如何使用Python的多处理功能来解析Pandas DataFrames

发布于 2025-02-13 16:51:08 字数 1595 浏览 1 评论 0原文

我想解析并采取大量熊猫数据框中存储的数据。我已经尝试使用多处理，尽管得到了“结果”，但我觉得自己做对了，我非常感谢理智检查。

本质上，代码采用PANDAS数据框架（DF），并将DF拆分为许多较小的数据范围（如果10个核心，则10个拆分）。然后，它启动多处理。程序并将较小的数据范围与目标（dothework）一起提供给每个过程实例。目标方法（dothework）忙于较小的传递数据框架，然后将数据框架操作的结果添加到队列中。

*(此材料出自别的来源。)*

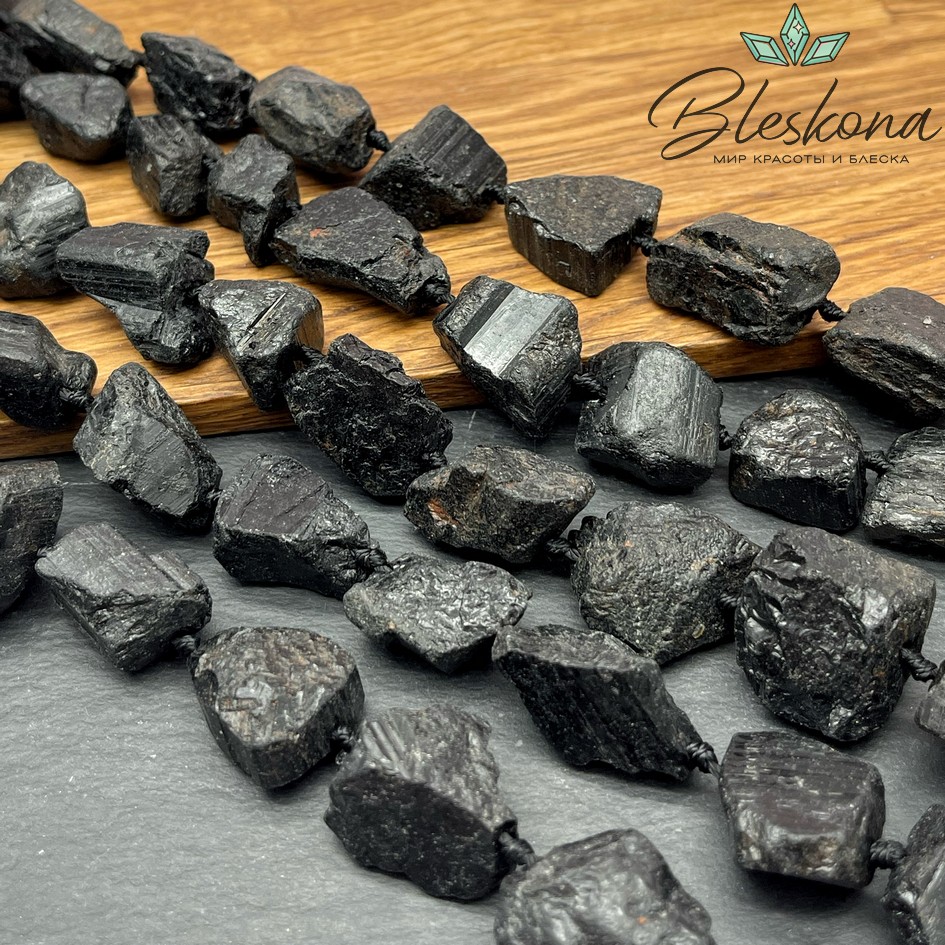 Турмалин черный (Шерл) куски №2 (14-20)*(12-17) мм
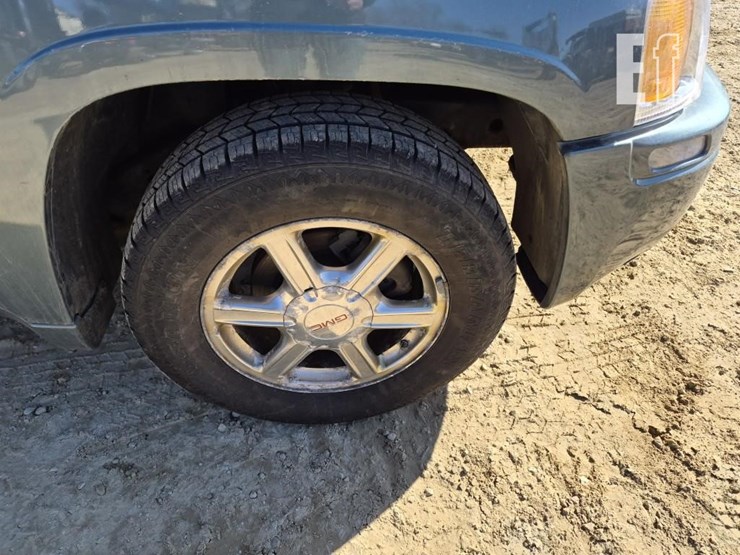 2009-gmc-envoy-sle-image-12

稍后，当所有过程完成后，然后从队列中检索数据。

这是代码的修剪版本：

def doTheWork(df, someString, someData, queue):
    newPatientsList = []
    #do all the Pandas work in here on object df
    #lots of Pandas and data manipulation here
    #then add my results to the queue
    queue.put(newPatientsList)


def startHere(self, df, numCores):
    splitList = []
    #split the pandas dataframe by the number of cores and add each
    #as an element to the splitList

    queue = multiprocessing.Queue()
    print("...using " + str(numCores) + " cores.")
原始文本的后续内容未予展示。